The return of investment is crucial KPI for many marketers when they optimize their campaigns. In this post, I want to show that this is important, but should not be used for campaign optimization planning.

A short explanation of what this ROAS is. Return Of Ad Spend is – translating from marketing to English – the revenue generated by the budget utilized. It’s calculated in the simplest of possible ways – by dividing the first value by the second value and for easier interpretation, we multiply by 100%. For example, we spent 100 PLN on the campaign, sold the product for 200 PLN – substitute this for the formula: 200/100 * 100% = ROAS 200% – yeah – the customer left us more money than we spent on advertising. Profit? We will see. Theoretically, any value > 100% means that the customer gives us more money than we spent to attract him our offer.

ROAS in numbers

Of course, this statistic does not take into account the cost of buying/producing a product/service, which in practice means that the campaign is profitable with much higher ROAS values. So let’s assume the cost of my product is 150 PLN and the margin is 50 PLN (25%) for example. It comes out that we spent on advertising 100 PLN and we earned 50 PLN, with ROAS = 200% – a campaign is still not profitable! In this case, only after reaching ROAS = 400% we break even because the margin (25%) from the sale will be an equal to the amount of our advertising cost – 100 PLN. Calculating and using ROAS is easy and obvious in this case, but e-commerce is no longer that. Since an ad group or even a keyword can generate sales for several different products, for example, the landing page is a category where are different products – a some at a promotional price, several in a bundle, etc., with different margins = different Profit = different minimum ROAS profitable. Of course, to simplify calculation we can use an average that gives us information how much profitable (or not) is currently advertising.

AdWords ROAS

Of course, ROAS can be easily calculated in the AdWords dashboard – again I’m surprised that this column is not available as a standard – but it’s just a few clicks away:

Create a ROAS column in the AdWords panel

But… get back to the answer the question: how ROAS is connected to revenue and campaign profitability? Check out graphic down below:

Graph showing the ROAS and the campaign revenue connection:

It shows that advertising revenue grows as a ROAS only go some far. Later, the cost of acquiring each subsequent conversion increases, ROAS falls, but advertising continues to generate more revenue than cost. This happens until the marginal cost of acquiring another conversion exceeds its value – then the ad will become loss-making. At this point, you will no longer need to increase your bids and/or reach of your ads. How much is ROAS then? Exactly 100% – the return on investment is equal to the cost and the profit reaches the maximum value (green line).

In practice

How to use it in practice. We now know that low ROAS means we are far away or far behind the point of maximum profit. To see if you need to increase or decrease your bids and/or budget for a campaign, we use graphs in AdWords considering the average position and impression share. Low share values show that our ad is showing relatively rare and probably does not pursue its full potential. You should test it, by progressively increasing your bids and observing your ROAS. If we see that visibility increases and we have more conversions at an even higher cost, and ROAS grows, it means we increase our profitability. You should increase your bids until you notice that your ROAS decreases to 100%. This will give us the point at which a given keyword achieves its maximum effectiveness. It may turn out that the impression share is, for example – 70% – and the average position is 2.3, and this state we should try to maintain. However, if similar statistics show that ROAS is less than 100%, you should limit your campaign bids and test most profitable settings.

It’s not everything

Since we have already reached the point at which our advertising is the most profitable, can we do anything else? Of course! In campaigns that targeted to search results, test new keywords, locations, or display times. For display campaigns, look for new ways to target – interests, topics, or placements. Of course, AdWords advertising is a living organism, so you should monitor your ROAS regularly and improve your bids to maximize your profit.
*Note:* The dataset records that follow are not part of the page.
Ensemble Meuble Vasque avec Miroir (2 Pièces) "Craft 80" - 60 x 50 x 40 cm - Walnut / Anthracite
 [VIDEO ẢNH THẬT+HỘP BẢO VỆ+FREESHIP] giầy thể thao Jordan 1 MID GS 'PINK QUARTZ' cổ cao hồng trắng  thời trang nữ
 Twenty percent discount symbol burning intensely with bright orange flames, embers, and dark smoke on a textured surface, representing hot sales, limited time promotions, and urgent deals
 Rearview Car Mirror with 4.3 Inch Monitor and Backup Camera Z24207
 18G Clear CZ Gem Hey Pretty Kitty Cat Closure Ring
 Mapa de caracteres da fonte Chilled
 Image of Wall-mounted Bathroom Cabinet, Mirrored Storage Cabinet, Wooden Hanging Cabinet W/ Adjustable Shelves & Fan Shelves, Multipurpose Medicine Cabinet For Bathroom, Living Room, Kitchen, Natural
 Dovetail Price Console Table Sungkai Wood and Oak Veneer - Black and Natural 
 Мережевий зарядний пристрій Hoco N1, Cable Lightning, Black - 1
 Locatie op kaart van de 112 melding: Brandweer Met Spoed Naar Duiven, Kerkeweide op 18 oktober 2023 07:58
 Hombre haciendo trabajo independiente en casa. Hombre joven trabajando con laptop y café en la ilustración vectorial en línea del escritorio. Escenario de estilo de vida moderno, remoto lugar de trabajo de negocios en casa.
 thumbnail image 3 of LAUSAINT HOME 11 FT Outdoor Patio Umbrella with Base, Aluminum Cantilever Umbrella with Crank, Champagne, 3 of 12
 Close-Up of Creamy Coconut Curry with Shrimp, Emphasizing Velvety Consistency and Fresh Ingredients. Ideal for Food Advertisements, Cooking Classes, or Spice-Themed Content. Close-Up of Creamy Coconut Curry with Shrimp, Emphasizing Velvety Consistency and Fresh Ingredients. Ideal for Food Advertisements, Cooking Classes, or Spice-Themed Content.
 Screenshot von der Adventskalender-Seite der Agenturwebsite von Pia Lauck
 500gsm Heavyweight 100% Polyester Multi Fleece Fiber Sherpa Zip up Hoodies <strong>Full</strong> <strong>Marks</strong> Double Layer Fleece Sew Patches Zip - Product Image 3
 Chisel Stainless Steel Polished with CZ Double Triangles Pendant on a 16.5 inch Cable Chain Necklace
The main goal of this article is to show that by limiting budgets or bids in campaigns we de facto reduce profits. This is, therefore, a behavior that is contrary to the interests of the advertiser, who may just not be aware to. So if you ever hear, “I can not afford such a big campaign,” I would suggest: “Can you afford to limit your profits?”

The above assumptions are mostly just a model. They do not take into account the impact of competition, ad content, seasonality, quality of landing page, and other factors that affect conversions and campaign success. So you are welcome to the polemic in the comments.